Data items:
+===+

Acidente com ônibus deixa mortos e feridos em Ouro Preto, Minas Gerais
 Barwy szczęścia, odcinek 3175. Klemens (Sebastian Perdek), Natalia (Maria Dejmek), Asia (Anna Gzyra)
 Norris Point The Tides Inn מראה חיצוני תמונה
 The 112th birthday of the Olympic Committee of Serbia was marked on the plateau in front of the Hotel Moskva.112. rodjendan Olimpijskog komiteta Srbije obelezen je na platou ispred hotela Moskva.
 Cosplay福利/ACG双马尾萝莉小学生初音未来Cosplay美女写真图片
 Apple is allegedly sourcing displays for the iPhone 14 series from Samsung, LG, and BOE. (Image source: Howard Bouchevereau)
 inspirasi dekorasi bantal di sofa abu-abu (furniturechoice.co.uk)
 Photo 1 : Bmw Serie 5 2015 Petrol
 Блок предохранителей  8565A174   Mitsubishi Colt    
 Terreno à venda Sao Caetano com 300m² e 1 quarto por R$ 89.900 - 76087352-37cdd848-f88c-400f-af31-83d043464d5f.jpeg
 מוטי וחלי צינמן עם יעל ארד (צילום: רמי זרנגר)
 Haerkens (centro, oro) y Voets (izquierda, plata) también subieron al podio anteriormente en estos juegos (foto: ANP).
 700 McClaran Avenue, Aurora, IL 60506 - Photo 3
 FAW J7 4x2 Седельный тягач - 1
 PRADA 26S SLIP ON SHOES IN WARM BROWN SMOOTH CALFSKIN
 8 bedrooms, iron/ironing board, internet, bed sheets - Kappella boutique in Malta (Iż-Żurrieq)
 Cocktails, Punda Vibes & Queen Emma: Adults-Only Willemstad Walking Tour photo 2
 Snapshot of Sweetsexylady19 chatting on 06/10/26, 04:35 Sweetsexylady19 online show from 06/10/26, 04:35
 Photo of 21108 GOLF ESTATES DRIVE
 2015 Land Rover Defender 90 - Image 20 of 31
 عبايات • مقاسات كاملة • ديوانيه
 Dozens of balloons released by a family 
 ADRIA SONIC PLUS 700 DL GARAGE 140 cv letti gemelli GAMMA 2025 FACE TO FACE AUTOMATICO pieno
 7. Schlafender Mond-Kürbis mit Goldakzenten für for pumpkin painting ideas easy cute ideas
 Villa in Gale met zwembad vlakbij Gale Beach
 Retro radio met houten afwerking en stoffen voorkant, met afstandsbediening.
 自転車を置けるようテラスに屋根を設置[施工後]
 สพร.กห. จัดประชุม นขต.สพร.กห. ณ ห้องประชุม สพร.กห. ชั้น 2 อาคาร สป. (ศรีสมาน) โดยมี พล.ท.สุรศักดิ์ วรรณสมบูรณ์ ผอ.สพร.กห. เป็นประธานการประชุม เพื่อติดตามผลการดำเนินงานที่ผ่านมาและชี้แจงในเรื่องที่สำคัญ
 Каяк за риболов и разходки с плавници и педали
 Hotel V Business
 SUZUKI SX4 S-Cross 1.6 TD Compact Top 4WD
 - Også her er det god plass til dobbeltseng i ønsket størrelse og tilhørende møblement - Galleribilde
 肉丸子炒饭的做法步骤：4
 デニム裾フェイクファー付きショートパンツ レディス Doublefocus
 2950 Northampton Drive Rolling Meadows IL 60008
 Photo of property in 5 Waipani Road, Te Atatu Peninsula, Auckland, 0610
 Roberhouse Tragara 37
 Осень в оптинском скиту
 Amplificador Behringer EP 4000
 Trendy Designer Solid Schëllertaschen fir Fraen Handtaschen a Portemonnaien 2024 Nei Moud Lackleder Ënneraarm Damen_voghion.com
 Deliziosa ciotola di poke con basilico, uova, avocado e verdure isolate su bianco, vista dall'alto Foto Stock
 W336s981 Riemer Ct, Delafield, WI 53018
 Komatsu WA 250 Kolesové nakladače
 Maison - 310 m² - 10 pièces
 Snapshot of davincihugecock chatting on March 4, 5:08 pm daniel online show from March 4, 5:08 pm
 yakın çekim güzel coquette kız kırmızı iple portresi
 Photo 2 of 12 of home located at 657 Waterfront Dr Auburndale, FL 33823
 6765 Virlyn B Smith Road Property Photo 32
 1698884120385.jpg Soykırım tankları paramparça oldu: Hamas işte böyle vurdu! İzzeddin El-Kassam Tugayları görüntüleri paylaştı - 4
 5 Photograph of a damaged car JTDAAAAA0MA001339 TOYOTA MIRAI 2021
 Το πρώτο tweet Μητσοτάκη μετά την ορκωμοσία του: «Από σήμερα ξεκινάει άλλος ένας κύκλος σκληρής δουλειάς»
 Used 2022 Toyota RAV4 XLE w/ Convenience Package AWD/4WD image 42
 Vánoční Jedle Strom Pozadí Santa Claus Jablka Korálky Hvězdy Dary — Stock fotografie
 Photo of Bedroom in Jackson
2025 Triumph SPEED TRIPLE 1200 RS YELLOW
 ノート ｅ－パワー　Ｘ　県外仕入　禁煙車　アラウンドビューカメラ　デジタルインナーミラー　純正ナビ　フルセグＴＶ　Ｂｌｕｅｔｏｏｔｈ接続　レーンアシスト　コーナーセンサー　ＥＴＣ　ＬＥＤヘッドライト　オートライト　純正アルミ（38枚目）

+===+

Exercise brief: From the records above, copy only the lines starting with the line that holds "Photo of 21108 GOLF ESTATES DRIVE" and going on through the line that holds "自転車を置けるようテラスに屋根を設置[施工後]", exactly as written.

Final answer:
 Photo of 21108 GOLF ESTATES DRIVE
 2015 Land Rover Defender 90 - Image 20 of 31
 عبايات • مقاسات كاملة • ديوانيه
 Dozens of balloons released by a family 
 ADRIA SONIC PLUS 700 DL GARAGE 140 cv letti gemelli GAMMA 2025 FACE TO FACE AUTOMATICO pieno
 7. Schlafender Mond-Kürbis mit Goldakzenten für for pumpkin painting ideas easy cute ideas
 Villa in Gale met zwembad vlakbij Gale Beach
 Retro radio met houten afwerking en stoffen voorkant, met afstandsbediening.
 自転車を置けるようテラスに屋根を設置[施工後]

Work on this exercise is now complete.